Sarebbe il caso che tanti bravi, seri e competenti appartenenti alle élite capissero che bisogna viaggiare anche in seconda classe, frequentare gli autobus (come faceva ad esempio Guglielmo Negri e come ho fatto io, che l’unico romanzo tra i miei 37 libri lo ho scritto proprio dall’autobus), frequentare la vita reale. Ho visto passare decenni in cui Roma sembrava quella che emergeva da certe cene più o meno eleganti delle élite di una certa sinistra e non solo, per quali l’unico vero ombelico del mondo sono quelle case romane (salotti o sedicenti salotti culturali non ne esistono più). Ho visto e vedo non pochi appartenenti alle élite un po’ troppo “retorici” e incapaci di relazionarsi sia con i giovani che con la gente normale.
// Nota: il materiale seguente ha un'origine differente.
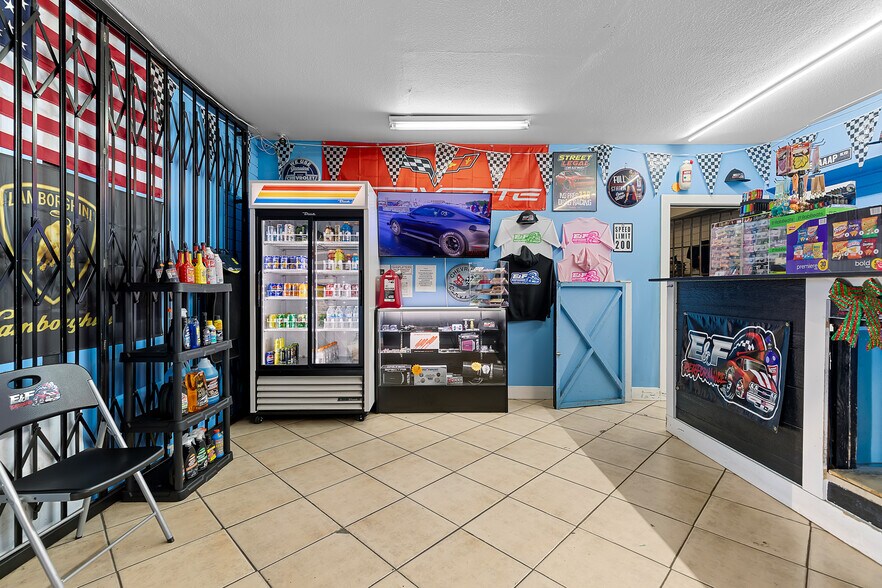 More Photos Of 2000-2010 W Lincoln Ave, Anaheim Freestanding For Sale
Tutte esperienze che mi hanno fatto capire che senza un vero e serio dialogo intergenerazionale (che coinvolga anche parte di quei tanti giovani “lanzichenecchi” stigmatizzati da Elkann) non ci può essere vero sviluppo. Senza che le élite, di cui credo di conoscere certamente le virtù, ma anche i loro non pochi vizi, escano dalle loro case dorate per toccare con mano le vere questioni aperte nel Paese, con un po’ di retorica in meno e qualche apertura al dialogo con giovani e persone normali in più, questo paese non si potrà risanare. A questo fine sarebbe il caso di aprire di più finalmente, come è avvenuto in certe fasi, i palazzi del potere ai cittadini e ai giovani. Tutti, specie in seno alla classe politica, cercano di omettere o non considerare la questioni, che se l’astensionismo nelle ultime tornate elettorali è salito fino al 50-60% ci sarà pure una ragione?
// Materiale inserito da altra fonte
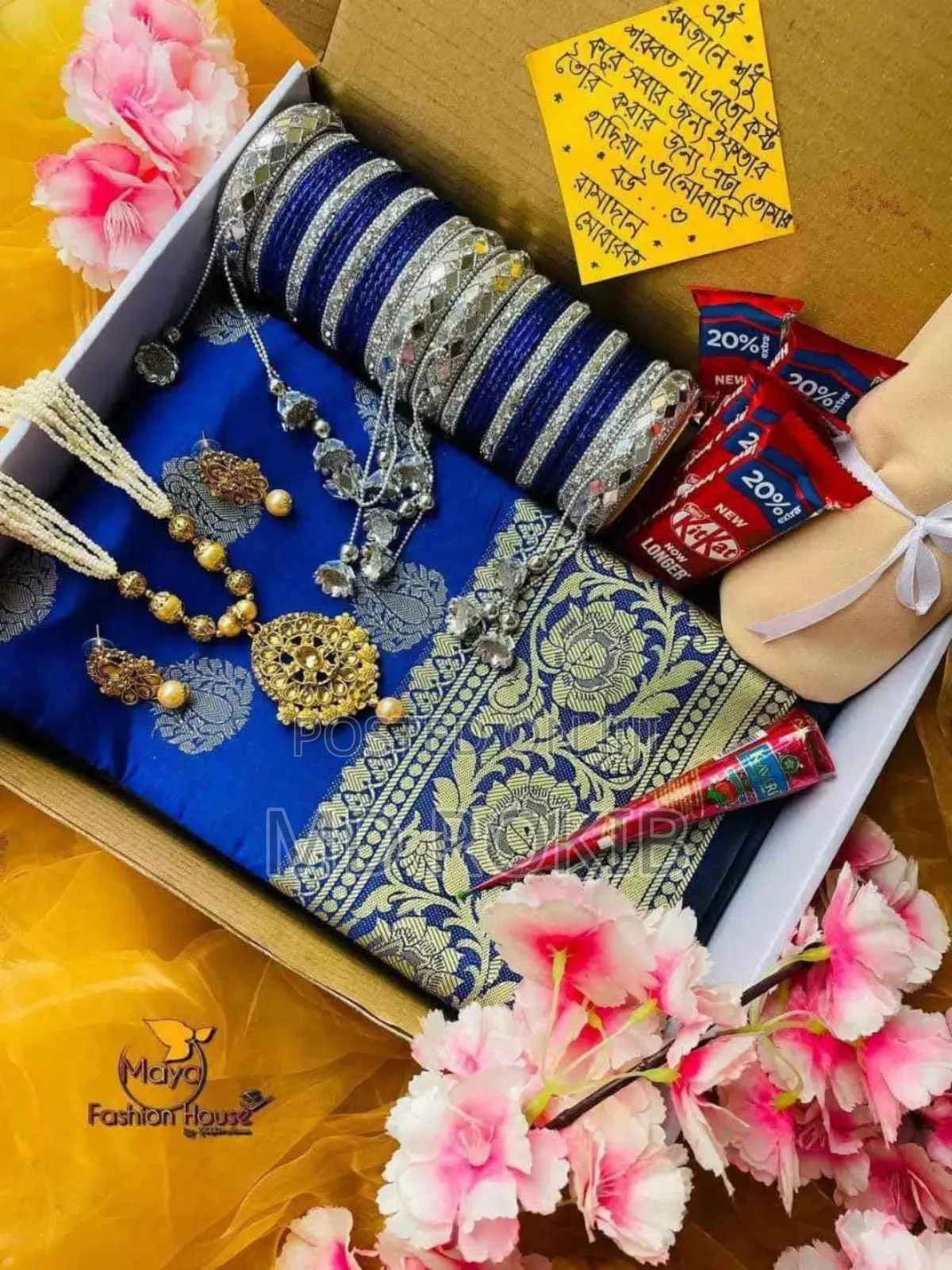 "শাড়ী কম্বো সেট কাতান শাড়ি + ফুল গিফট প্যাক | মাত্র ২০০০ টাকা |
Come ci sarà pure una ragione se dalle analisi più accreditate i giovani under 30 che hanno votato alle scorse elezioni siano solo il 10-15%? Non dico “sotto il vestito niente”, ma che sarebbe il caso che non solo un po’ di soloni o di politici o alti burocrati ingessati nei loro doppi petti capissero finalmente che sarebbe loro dovere dialogare, non solo con i figli delle loro stesse élite o dei loro stessi circoli, ma anche con quelli con i tatuaggi, perché sotto quei tatuaggi, per chi la sa cogliere, c’è più istanza e sostanza di quanto si creda. Mi sembra questo il modo migliore per mostrare finalmente vero amore per il proprio paese perché alla ricerca (un po’ troppo diffusa) di qualche carica pubblica da parte di non pochi delle apparenti élite si sostituisca per il bene del paese un serio dialogo intergenerazionale.
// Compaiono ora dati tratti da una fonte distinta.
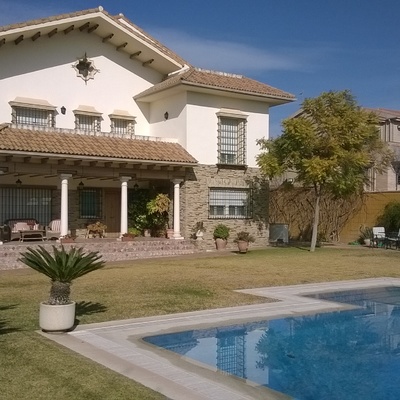 Fachada principal y piscina.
Ai giovani che hanno “fame”, non si può distribuire solo qualche brioches come amava fare con i suoi “amati” sudditi, Maria Antonietta. Certo proprio tra le tante tribù dei giovani italiani si potrà trovare anche qualche lanzichenecco o qualche altro tipo di barbaro, ma tra di essi ci sono tanti coraggiosi cercatori di diritti sociali negati e, per chi sa coglierli, dei veri e propri talenti. Sino a poco fa l’unica vera “droga” o “metadone sociale” è stato il più grande progetto di diseducazione al lavoro della storia repubblicana, “il reddito di cittadinanza”. Adesso va offerta una vera alternativa di educazione alle sfide del presente e del futuro. Per non poco grazie anche al dialogo intergenerazionale.